Work to complete
Without the images, print all the entries below exactly as given.

Excerpted records

▼

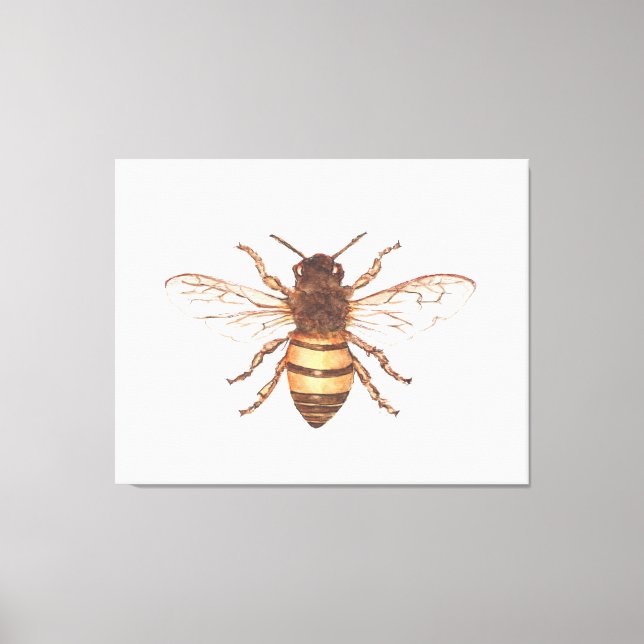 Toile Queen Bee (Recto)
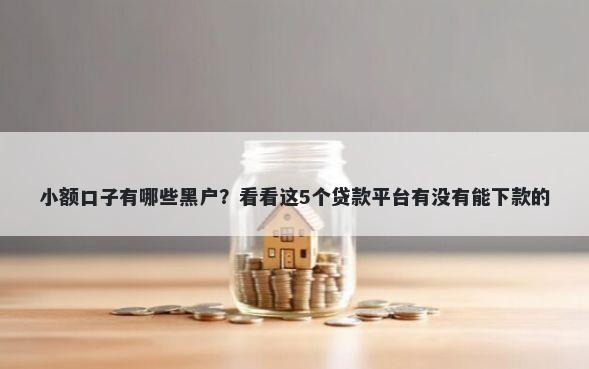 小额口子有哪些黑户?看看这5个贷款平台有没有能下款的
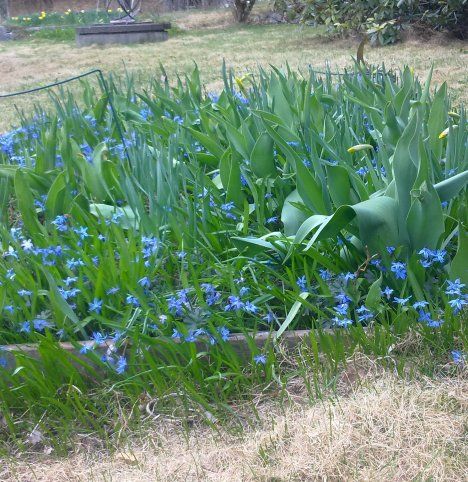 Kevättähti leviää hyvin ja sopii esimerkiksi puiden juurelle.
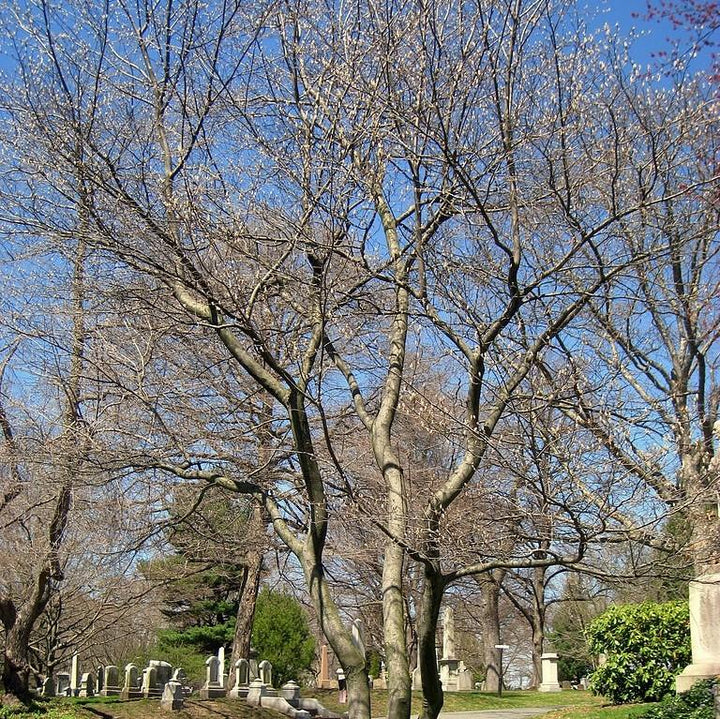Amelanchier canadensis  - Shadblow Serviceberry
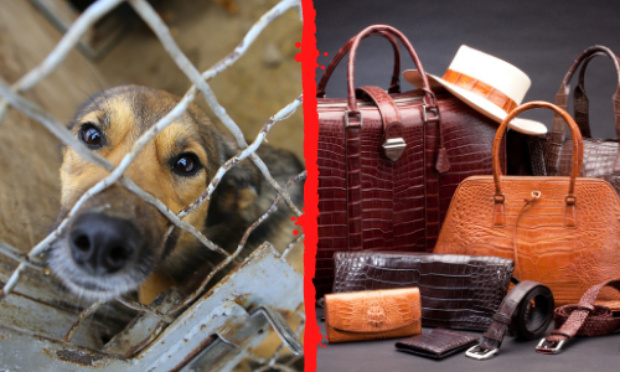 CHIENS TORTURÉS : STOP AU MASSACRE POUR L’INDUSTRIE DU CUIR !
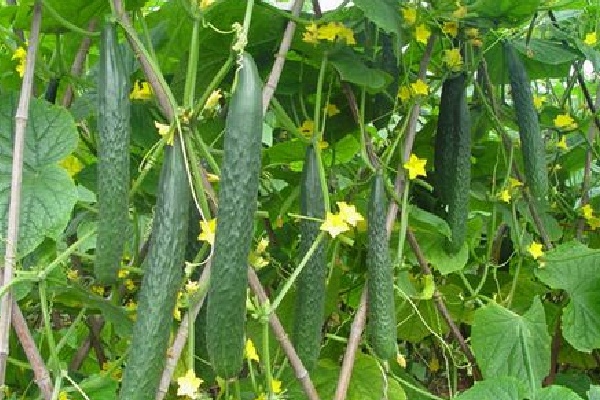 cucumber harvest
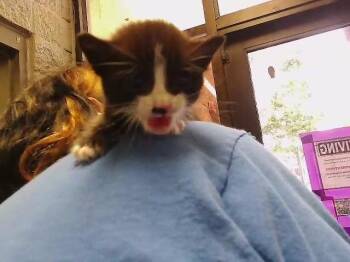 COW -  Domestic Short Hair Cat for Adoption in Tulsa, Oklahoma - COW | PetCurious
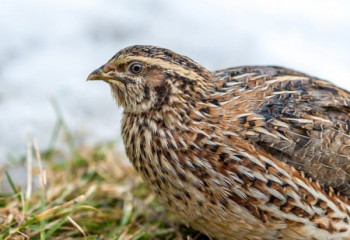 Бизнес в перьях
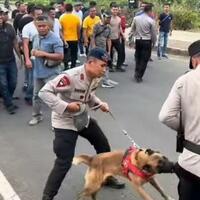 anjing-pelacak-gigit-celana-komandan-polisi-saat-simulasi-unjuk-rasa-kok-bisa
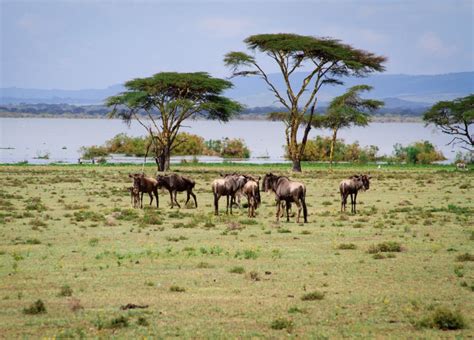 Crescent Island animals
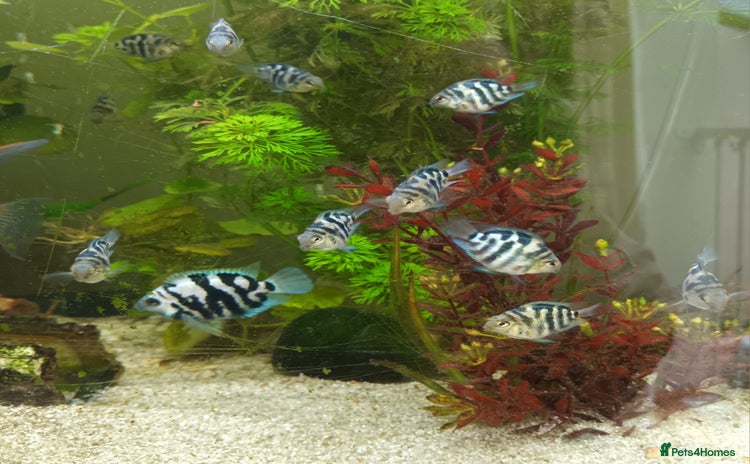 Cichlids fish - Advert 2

▲

Answer to this task
 Toile Queen Bee (Recto)
 小额口子有哪些黑户?看看这5个贷款平台有没有能下款的
 Kevättähti leviää hyvin ja sopii esimerkiksi puiden juurelle.
Amelanchier canadensis  - Shadblow Serviceberry
 CHIENS TORTURÉS : STOP AU MASSACRE POUR L’INDUSTRIE DU CUIR !
 cucumber harvest
 COW -  Domestic Short Hair Cat for Adoption in Tulsa, Oklahoma - COW | PetCurious
 Бизнес в перьях
 anjing-pelacak-gigit-celana-komandan-polisi-saat-simulasi-unjuk-rasa-kok-bisa
 Crescent Island animals
 Cichlids fish - Advert 2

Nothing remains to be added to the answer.